● **Work request**
Repeat the listing word for word. No pictures belong in the copy.

● **Provided data**
▼▼▼

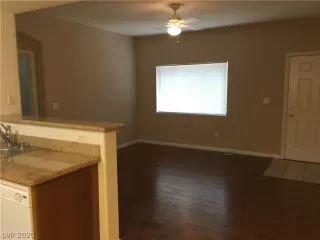 Photo #6: 2214453 Listing 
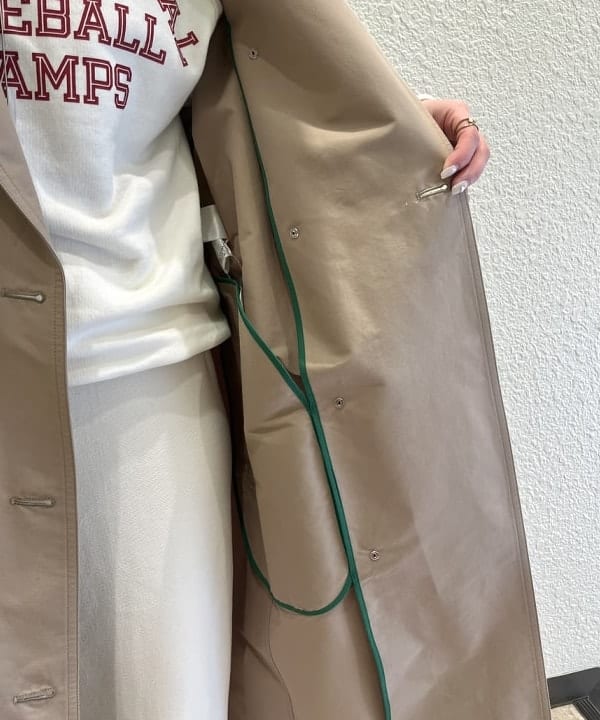 takeさんの「AK+1 / ドルマンスリーブ風 トレンチコート」を使ったコーディネート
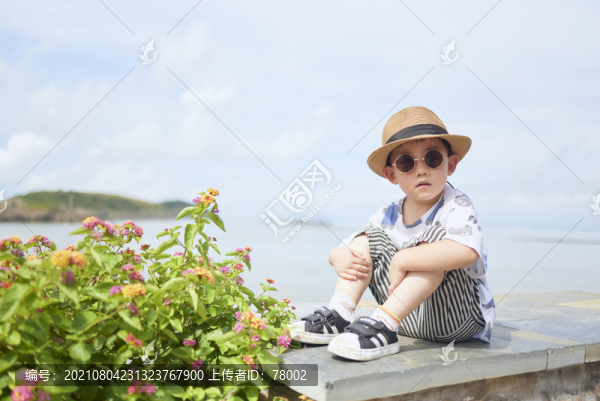 出來旅行的一個小男孩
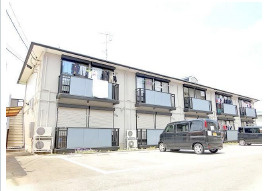 草津市青地町の店舗事務所の外観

▲▲▲

● **Written answer**
 Photo #6: 2214453 Listing 
 takeさんの「AK+1 / ドルマンスリーブ風 トレンチコート」を使ったコーディネート
 出來旅行的一個小男孩
 草津市青地町の店舗事務所の外観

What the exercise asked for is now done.